Cheating, a form of academic malpractice, includes: cheating in examinations, plagiarism, duplication and false declaration.
It is an academic offence for a candidate to commit any act (defined in paras. 1.2, 1.3, 2.2) designed to obtain for himself or herself an unfair advantage with a view to achieving a higher grade or mark than he/she would otherwise secure. Any attempt to convey deceitfully the impression of acquired knowledge, skills, understanding, or credentials, shall represent a contravention of Rule 6 of the University, and may constitute grounds for exclusion.
1.2 Cheating in examinations
Occurs when: a candidate communicates, or attempts to communicate, with a fellow candidate or individual who is neither an invigilator or member of staff; copies, or attempts to copy from a fellow candidate; attempts to introduce or consult during the examination, any unauthorised printed or written material, or electronic calculating or information storage device; or mobile phones or other communication device, or personates or allows himself or herself to be impersonated.

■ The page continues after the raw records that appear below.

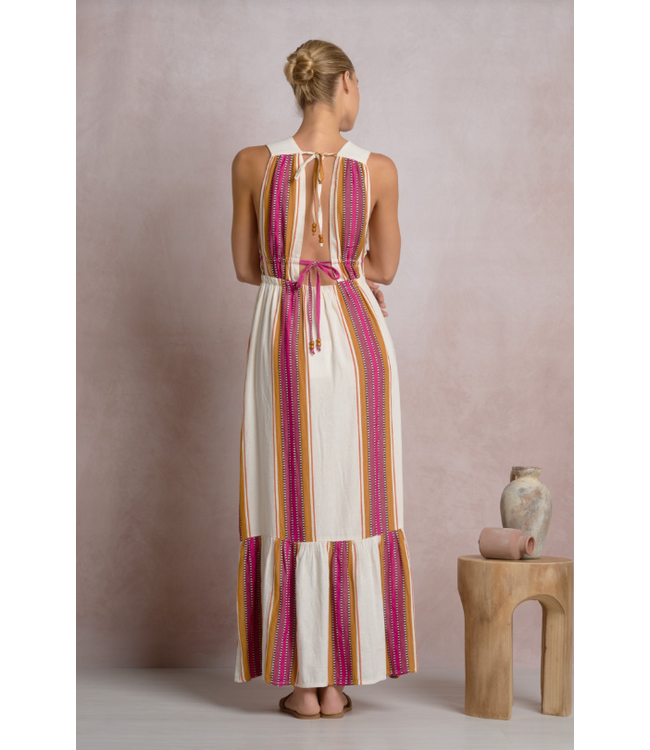 Elan Halter Maxi Ruffle Bottom Dress Pink
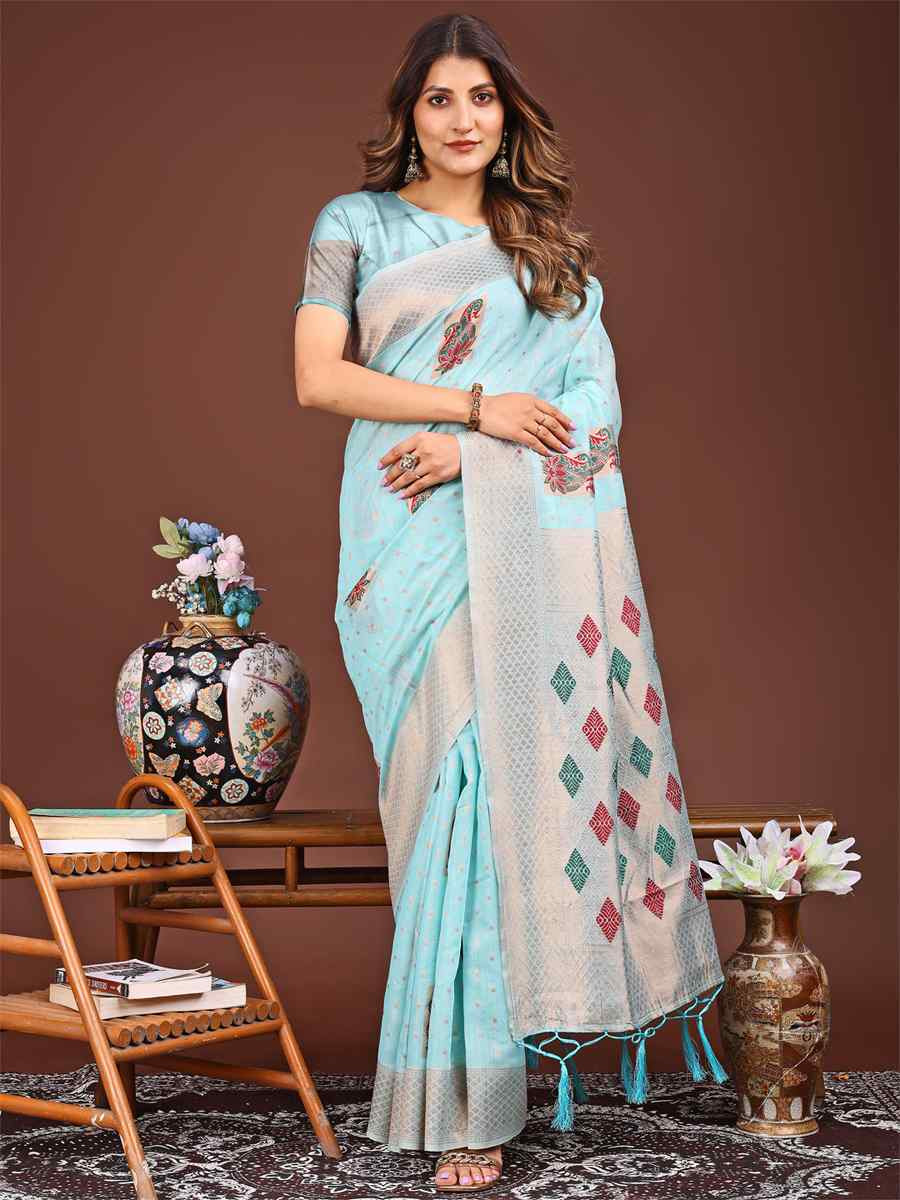 Sky Blue Linen Cotton Printed Festival Wedding Fancy Heavy Border Saree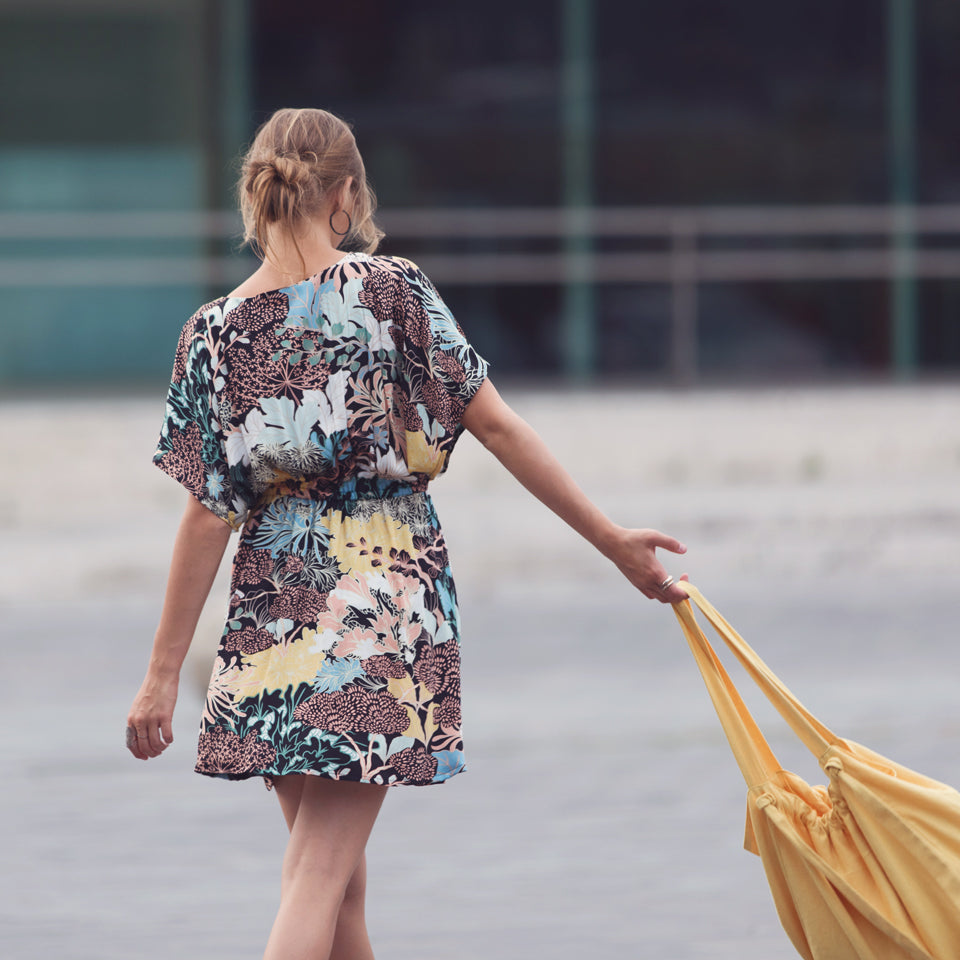 Ecovero Viscose Rayon Satin in Sea Garden Black-Fabric-Frankie Rose Fabrics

Plagiarism involves the unacknowledged use by a student of someone else's work, usually in coursework, and passing it off as if it were his/her own. This category of cheating includes the following:
1.3.1 collusion, where a piece of work prepared by a group is represented as if it were the student's own;
1.3.2 commissioning or use of work by the student which is not his/her own and representing it as if it were:
1.3.3 duplication of the same or almost identical work for more than one module;
1.3.4 the act of copying or paraphrasing a paper from a source text, whether in manuscript, printed or electronic form, without appropriate acknowledgement;
1.3.5 submission of another student's work, whether with or without that student's knowledge or consent.
1.4 Fabrication of results
Fabrication of results, which is, when a student claims to have carried out tests, experiments or observations that have not taken place or presents results not supported by the evidence with the object of obtaining an unfair advantage.